C’era una volta il Co.Re.Co.

Era l’articolo 130 della Costituzione – abrogato nel 2001 – che sin dalla sua entrata in vigore – primo gennaio 1948 – prevedeva l’istituzione del Comitato Regionale di Controllo. Infatti esso affermava che:
“Un organo della Regione, costituito nei modi stabiliti dalla legge della Repubblica, esercita, anche in forma decentrata, il controllo di legittimità sugli atti delle Province, dei Comuni e degli altri enti locali.
In casi determinati dalla legge può essere esercitato il controllo di merito, nella forma di richiesta motivata agli enti deliberanti di riesaminare la loro deliberazione.”

Nel Titolo V della Costituzione, all’articolo 114 era indicato che: “La Repubblica si riparte in Regioni, Province e Comuni”. E nella VIII disposizione transitoria e finale era disposto che: “Le elezioni dei Consigli regionali e degli organi elettivi delle amministrazioni  provinciali sono indette entro un anno dall’entrata in vigore della Costituzione.”

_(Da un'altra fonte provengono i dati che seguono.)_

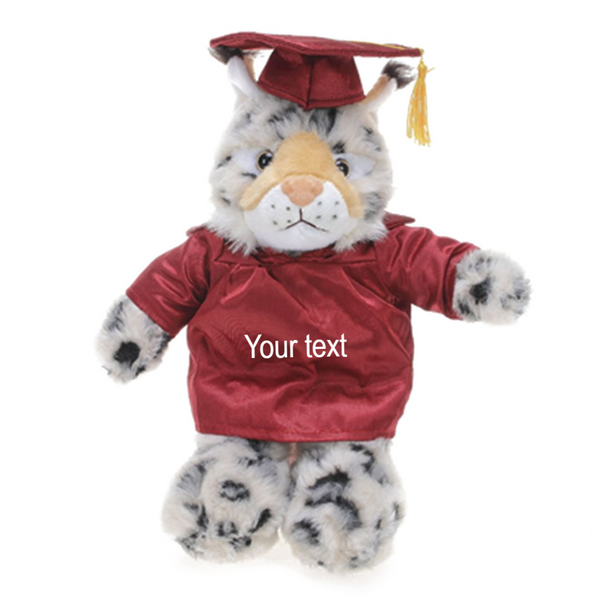 12" Graduation Wild Cat Plush Stuffed Animal Toys with Cap and Personalized Gown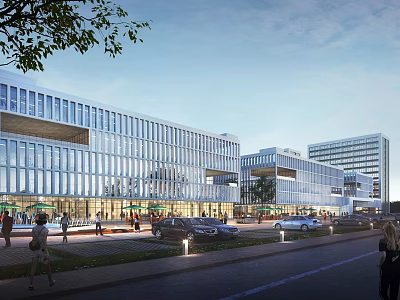 Modern Office Building With Glass Curtain Wall Pedestrians Vehicles And Greenery On Street 3d model
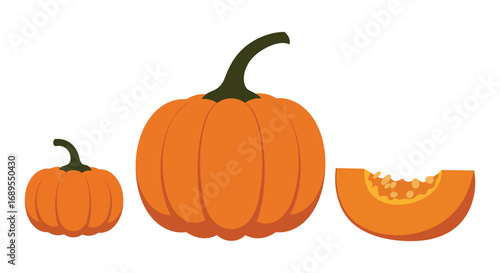 a variety of pumpkins whole sliced and small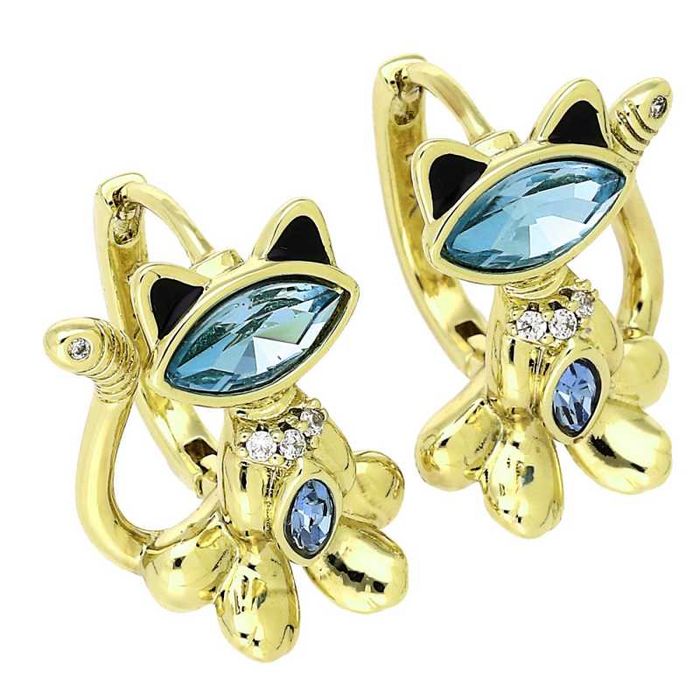 89225 Kolczyki 14k pozłacane 18/13 MM SAPPHIRE LIGHT CRYSTAL Swarovski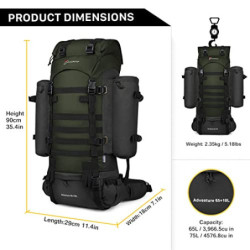 Mardingtop 65+10L Rucksack Taktischer Rucksack Wanderrucksack Trekkingrucksack YKK Zipper mit der großen Kapazität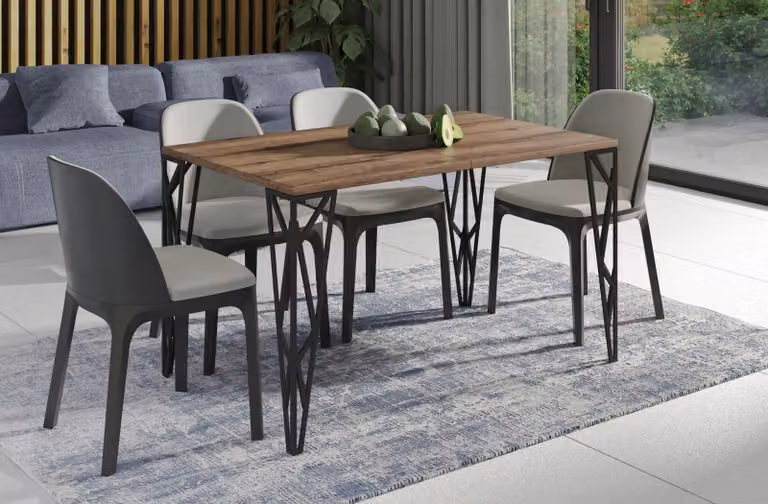 Tavolo da pranzo Endo-Möbel Rulo 130cm - 210cm allungabile Tavolo da cucina di design con struttura in metallo (rovere Monastero)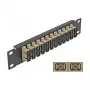 Patch panel de fibra ótica DeLOCK 10 polegadas 12 portas SC duplex bege 1U preto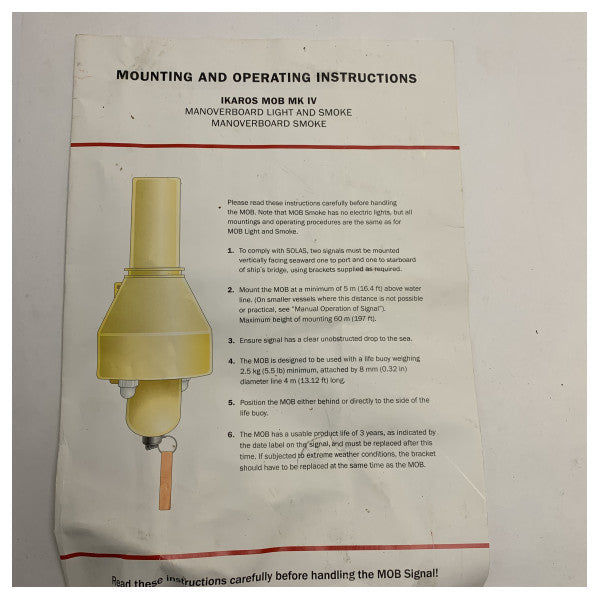 Luz e sinalizador de fumo Ikaros MOB MKIV Solas MED USCG - 190027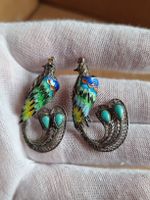 Ausgefallene Vintage Ohrringe mit  Vogel Motiv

Nella realtà i tempi furono rinviati più volte e la prima norma Costituzionale attuativa è stata la legge 10 febbraio 1953, n. 62, mentre i CORECO iniziarono ad operare solamente dal 1970, dopo l’approvazione della relativa legge elettorale ed eletti i consigli regionali.

In effetti il Comitato regionale di controllo, con sede nel capoluogo di ciascuna Regione, era un organo collegiale  nominato dal Presidente della giunta regionale con pari durata e costituito, in seguito  alla legge n.142/1990 riguardante l’Ordinamento delle autonomie locali, da quattro esperti, come indicati nell’articolo 42, tra cui un avvocato, un dottore commercialisti o ragionieri e un ex sindaco o altro politico o funzionario, nonché un magistrato o avvocato di stato.

La norma attribuiva al comitato il controllo di legittimità su tutte le deliberazioni dei consigli e delle giunte sugli atti amministrativi. L’annullamento delle deliberazioni illegittime doveva essere pronunciato con ordinanza motivata, entro il termine perentorio di venti giorni dal ricevimento del relativo verbale.
Anche il controllo di merito doveva rispettare termini e modalità simili e in caso di vizio il consiglio provinciale o comunale veniva  invitato a riesaminare la deliberazione, con possibilità di poterla riconfermare, purché approvata a maggioranza assoluta.

Anche la normativa sanitaria nazionale di cui alla legge n.833/1978 attribuì al Comitato regionale analogo potere di controllo, fino alla sua soppressione nel 1991, sugli atti delle Unità Sanitarie Locali (USL) e degli istituti di ricovero e cura a carattere scientifico, integrato con un esperto in  materia sanitaria.

Nel 2001 sopraggiunge, infine, la modifica al Titolo V della Costituzione (legge costituzionale n.3/ 2001) che abroga tale articolo 130 insieme agli altri articoli 115, 124, 128 e 129, mentre ha riformulato poteri e competenze, nello spirito di una forte spinta in senso autonomistico e verso l’assetto “in senso federalista”.

In tale circostanza erano sorti dubbi se, anche in presenza della abrogazione dell’articolo 130, nella previsione delle due norme costituzionali quali la legge istitutiva del CORECO, la n. 62/1953 e quella istitutiva delle Regioni n. 3/1963, potevano continuare ad essere esercitati tali poteri, ma tutte  le Regioni scelsero la loro soppressione.

Forse un organismo così qualificato, coi poteri di controllo di legittimità e di merito avrebbe potuto dare quel significativo apporto ai pubblici amministratori, tale da evitare loro di incorrere, con meno facilità, nel reato del tanto discusso abuso d’ufficio.